The West Harris Trust has new workers and a new community growing project under way, with land last used for growing many decades ago, now set to be planted and harvested once again.

Funding from the Aspiring Communities Fund has enabled the appointment of Iain Maciver as community participation project officer, and Romy Benedetti as community participation administrative assistant.

They’ve been in post since November last year and, working with Clara Risi, the John Muir Trust ranger for Harris, the pair have put in hand a project which will address social isolation, bring people together and allow skills to be handed down the generations.

The community growing project has money from the Crown Estate, CalMac Community Fund and the Baillie Gilford Foundation and with that the first four raised beds have already been constructed, on land just uphill and south of Talla na Mara in Nisabost.

Iain said: “The four beds are the beginning of the project, on a piece of land which is now being fenced, and we are also to have a polycrub installed in July, but we’re looking to get people together for our first planting in the next couple of weeks.”

In fact the first session will come on Wednesday (12 May) when signed up volunteers will get together to discuss their priorities and wishes for the community garden.

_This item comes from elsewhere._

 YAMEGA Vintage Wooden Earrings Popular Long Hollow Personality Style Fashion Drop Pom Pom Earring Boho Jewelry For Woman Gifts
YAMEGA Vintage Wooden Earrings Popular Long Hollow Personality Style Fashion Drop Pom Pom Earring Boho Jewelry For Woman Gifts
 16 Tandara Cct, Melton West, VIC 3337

Iain said: “We’re holding a community-led garden afternoon and we hope that will set the tone for the project.

“We want to focus on skill-sharing, sharing local customs and history and making the garden into a place where people can come and get together to make something positive happen, improving their own sense of well-being at the same time.”

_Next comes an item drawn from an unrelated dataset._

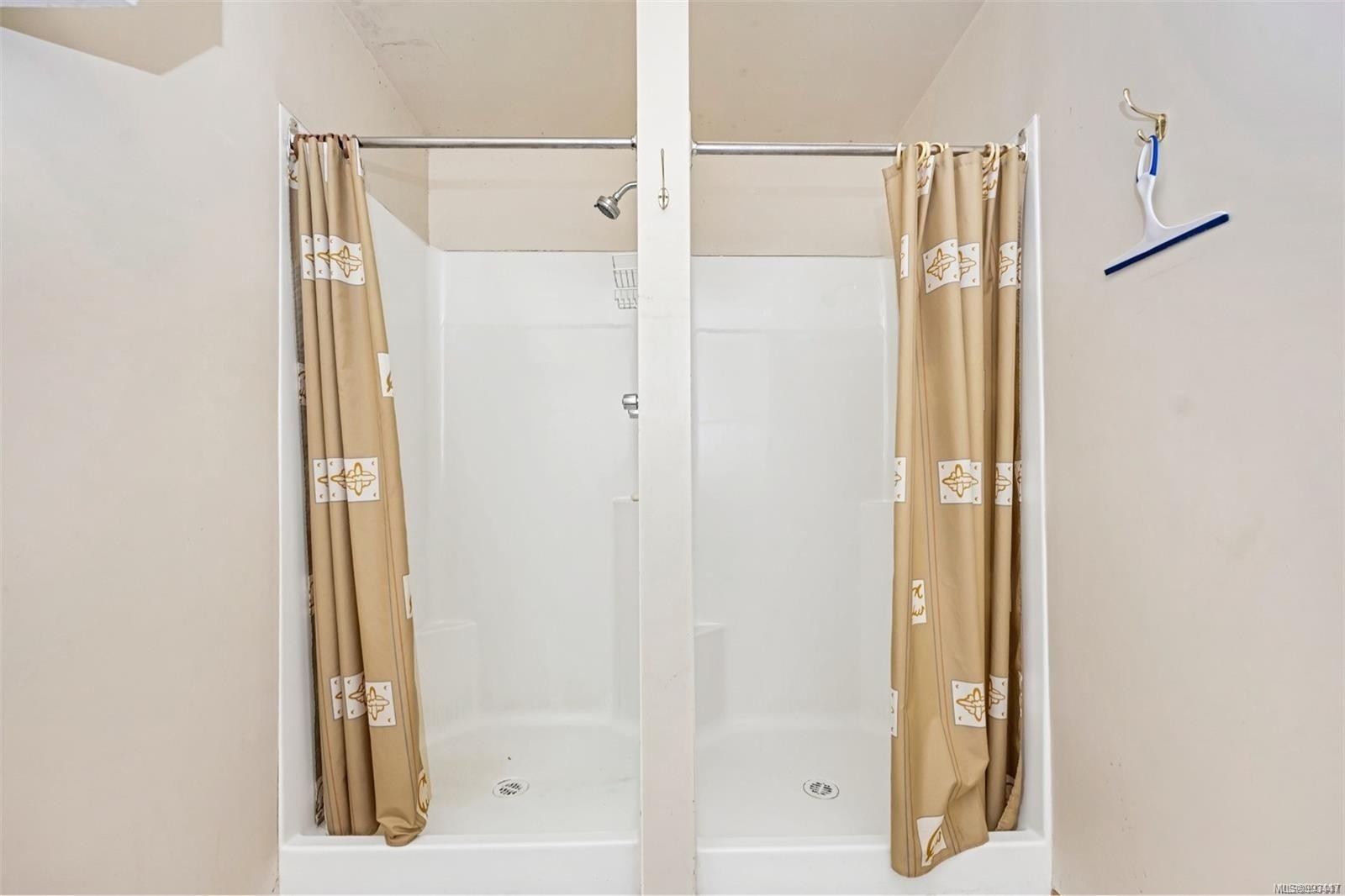 15-6340 Cerantes Rd, Port Renfrew, BC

The site is obviously a very exposed, west-facing hillside site, but it was always used for crop-growing and Romy says the advantages discovered by previous generations are still there.

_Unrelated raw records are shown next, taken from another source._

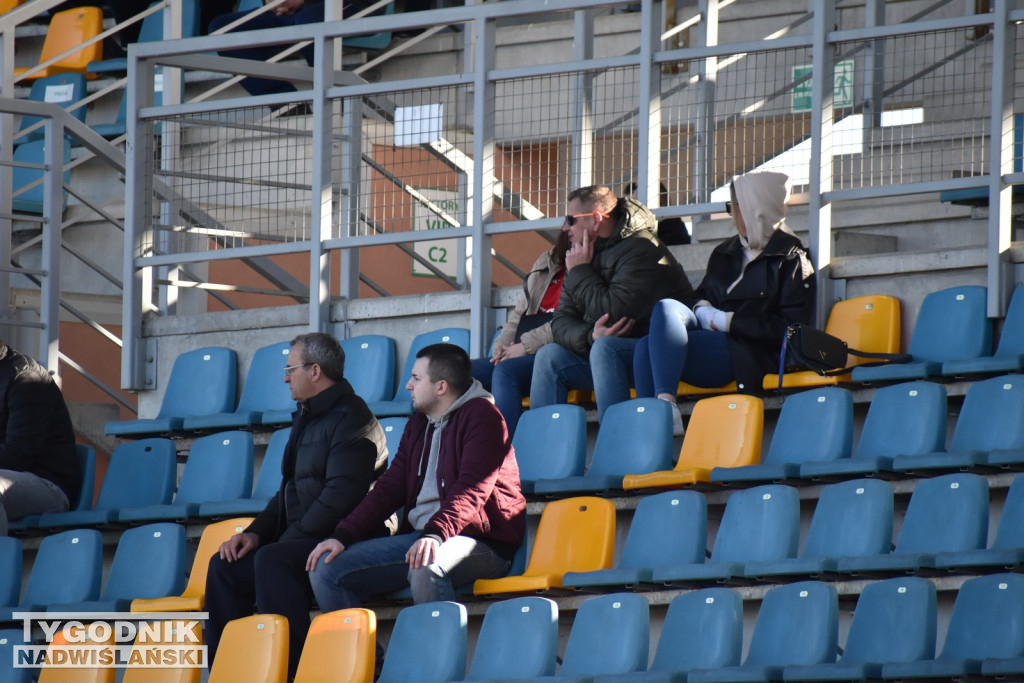 Zdjęcia kibiców na meczu Siarka - Chełmianka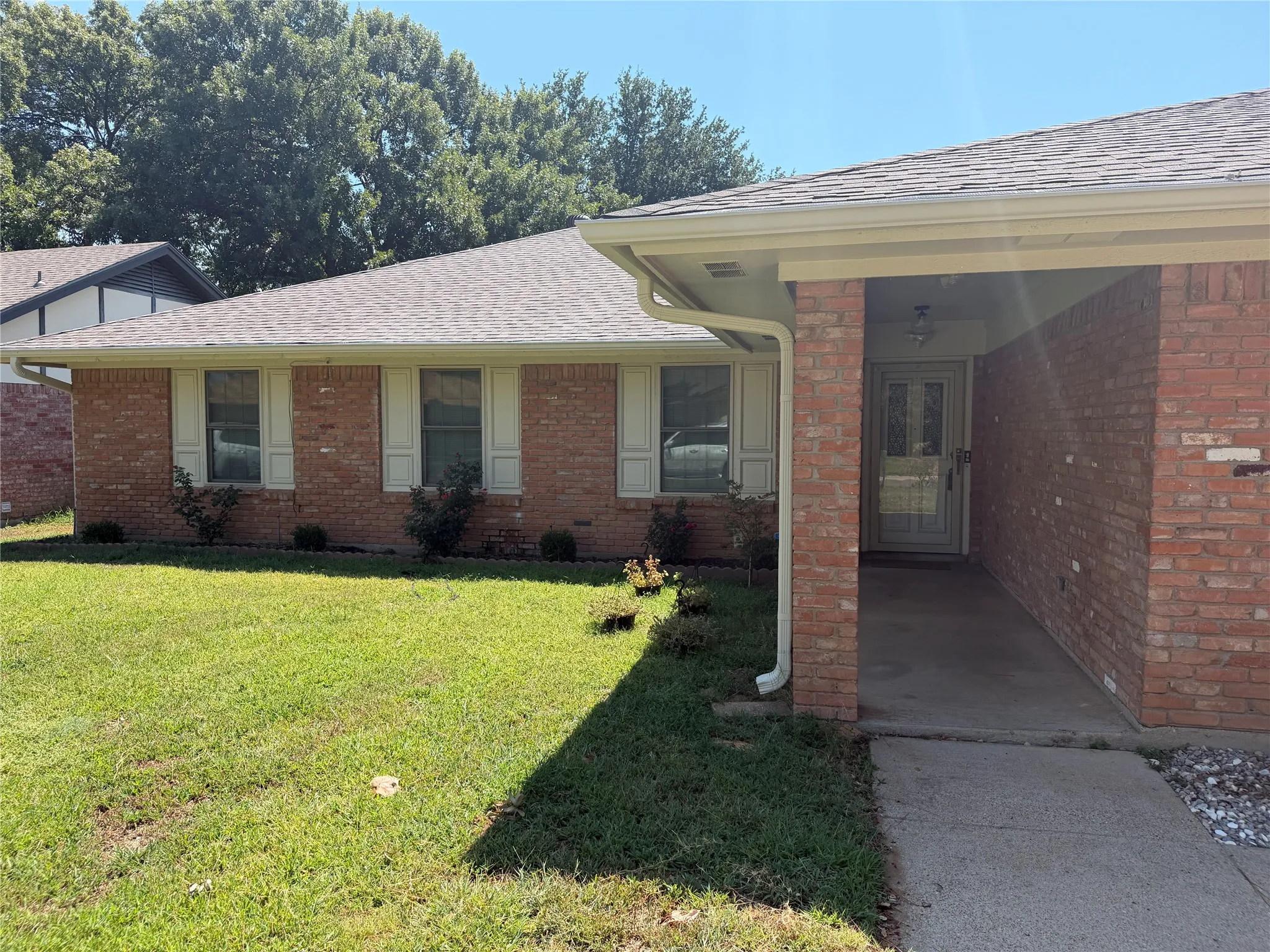 Single Family Residence For Rent in Tarrant County , 1012 Purdue Drive, Arlington, Texas 76012, 4 Bedroom, 3 Bathroom, 2 Garage spaces, 2,046 Sqft, built in 1978, mls#21373088, Real Estate Agent in Arlington, Homes For Rent in Tarrant county, Homes For Rent in Arlington, Realtor in Arlington Texas, Real Estate Brokerage Independent Realty Texas, Luminita Cordes Realtor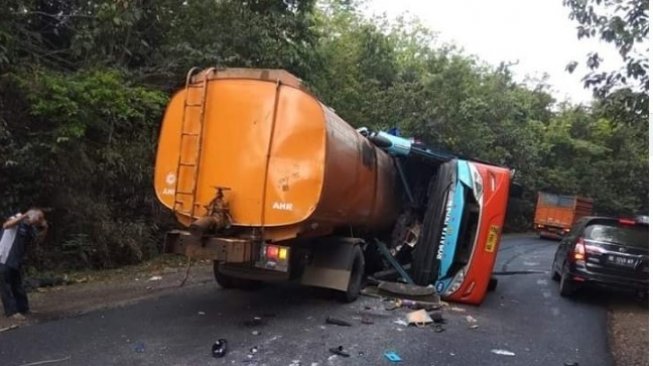 Kecelakaan Bus vs Truk di Jalan Lintas Tengah Sumatera. (Facebook/Andre Li)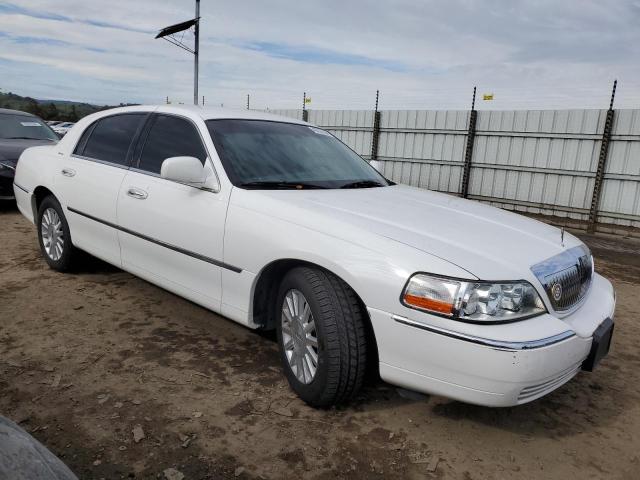 1LNHM81W24Y677238 - 2004 LINCOLN TOWN CAR EXECUTIVE WHITE photo 4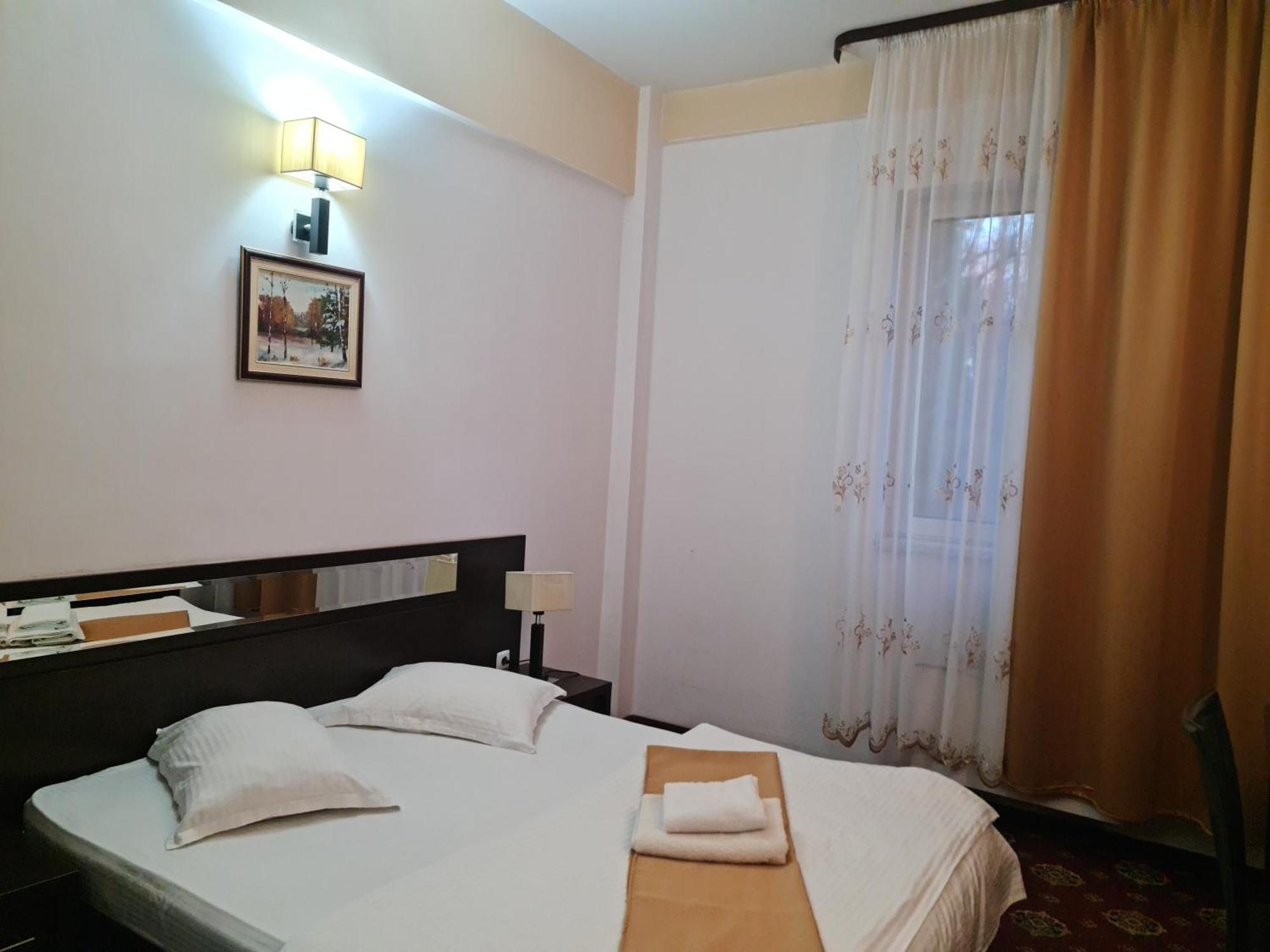 Hotel Magic Gt Trivale Pitesti Luaran gambar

She said: “Some of the land where we are growing used to be lazy-beds and, when we are digging, you can see the evidence of the land having been improved. The raised part is less clayey and the matter has broken down to make the soil structure crumbly.

“It’s elevated land, with rock behind it so there are natural watercourses, but we decided not to go back to lazy-bed cultivation  because, having done it on my own croft, I am not sure the volunteers would appreciate the back-breaking work!

“Instead we put the raised beds on the top and we had some lovely local topsoil donated by Angus and Johnny Mackay from Horgabost. We now have millions of potatoes to put in – Maris Pipers and Sharpe’s Express because they’re particular favourites of some of our volunteers, but also some Dunluce and Spa.”

The productivity of the land will be one measure of success, but Iain’s also keen to see less tangible, just as enriching results.

He said: “The first meeting on 12 May is for signed up volunteers, but from 19 May the afternoons will be the chance for people to get together, socialise, share skills and have a few yarns. Perhaps the older residents will have a few hints and tips for the younger ones.”

Pictures show Clara and Romy with their ‘unofficial mascot’ Dougal, hard at work on the site of the new community garden, and Iain Maciver with some of the new raised beds.